It’s tough. A lot of fashion advertising feels like it has to push the ‘cool’ factor and be visually stunning or aspirational. I’m more a fan of when the fashion is a second thought and we’re focused more on the comedy or the idea; something that makes us think. Paria Farzaneh did a film called Country of the Blind which was a social experiment of people who had to dance and then imitate another’s dance if they thought it was better than theirs. The experiment stopped when everyone did the same dance. The people wore the clothes, which were filmed, but it was a deeper film about personal autonomy and wanting to be relevant.

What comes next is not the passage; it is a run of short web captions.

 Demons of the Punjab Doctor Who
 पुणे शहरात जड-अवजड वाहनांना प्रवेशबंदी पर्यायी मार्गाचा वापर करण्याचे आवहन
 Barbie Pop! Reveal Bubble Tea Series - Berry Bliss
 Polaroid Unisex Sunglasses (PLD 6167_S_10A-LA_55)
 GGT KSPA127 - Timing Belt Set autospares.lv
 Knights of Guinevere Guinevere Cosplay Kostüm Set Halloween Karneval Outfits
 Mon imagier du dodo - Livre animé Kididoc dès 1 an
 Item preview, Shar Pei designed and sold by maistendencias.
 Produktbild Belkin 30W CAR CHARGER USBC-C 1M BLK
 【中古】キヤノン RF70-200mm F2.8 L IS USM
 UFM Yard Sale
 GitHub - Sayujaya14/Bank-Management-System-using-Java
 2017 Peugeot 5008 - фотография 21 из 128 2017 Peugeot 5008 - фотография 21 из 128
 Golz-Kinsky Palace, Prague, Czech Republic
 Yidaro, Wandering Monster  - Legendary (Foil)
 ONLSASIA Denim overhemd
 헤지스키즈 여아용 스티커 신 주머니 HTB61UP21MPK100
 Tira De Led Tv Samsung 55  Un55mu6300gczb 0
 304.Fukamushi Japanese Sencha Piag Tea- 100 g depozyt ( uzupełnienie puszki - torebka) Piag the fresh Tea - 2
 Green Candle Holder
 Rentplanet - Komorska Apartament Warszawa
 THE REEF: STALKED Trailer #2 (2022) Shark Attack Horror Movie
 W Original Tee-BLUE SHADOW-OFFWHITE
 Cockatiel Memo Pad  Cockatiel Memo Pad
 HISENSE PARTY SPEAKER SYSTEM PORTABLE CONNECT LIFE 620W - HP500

It’s a bit older, but Bonds Underwear in Australia did a fantastic film about underwear coming to life which is so simple and creative. It’s not trying to push any cool agenda. Lastly, a classic is DANIELS' miniseries for Gap [below].

What website(s) do you use most regularly?

I’ve been very into gmail.com for the past decade! Probably on there more than any other site. I need it mostly for my communications with others, whether work related or social.

What’s the most recent piece of tech that you’ve bought?

I finally got a seltzer machine! LA is such a sedentary place and I’ve tried to stop drinking caffeine, so water is really a good, non-caffeine alternative. In a world where everything we eat someone says it’s somewhat bad for us, water is a safe bet and loved by all. The thing about water is, even with the cool new high-pH brands, it’s just not that interesting. The doctor recommended eight glasses a day, and the second I refill another glass I look at it on my desk and my head sinks. Coffee is fun. It’s like a morning alcohol, and cafes are like benign bars. Water? There’s no joy in there... nothing to look forward to. 

With sparkling water it makes this little white noise while you’re working to remind you and say “Hey bud! We’re over here whenever you’re ready, and having a great time.” It sounds so social, like the glass doesn’t need you to feel alive, but I need it to feel alive. The second I grab some the air and bubbles really activate a lot inside me, and my eyes pop open. It’s a breath of fresh air with each sip, and I want to keep going. So, I think it’s been a real game-changer to feel alive and creative, while feeling hydrated and healthy. It feels a little fancy too, and celebratory after sending an email. And I love it with a little lemon... mama mia.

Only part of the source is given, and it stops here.